About this exercise – Copy exactly the lines of the records below, and only those lines, beginning with the line that contains "Polera Bebé Niño Naranjo Pillin" and ending with the line that contains "Standing Desk L Mano Izquierda 1.40x83 cm".

Supplied data –
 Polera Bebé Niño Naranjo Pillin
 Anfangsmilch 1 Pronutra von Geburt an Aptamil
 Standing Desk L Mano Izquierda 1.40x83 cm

* * *

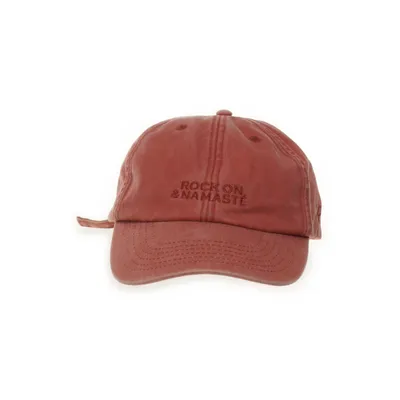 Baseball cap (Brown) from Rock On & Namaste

Completed exercise –
 Polera Bebé Niño Naranjo Pillin
 Anfangsmilch 1 Pronutra von Geburt an Aptamil
 Standing Desk L Mano Izquierda 1.40x83 cm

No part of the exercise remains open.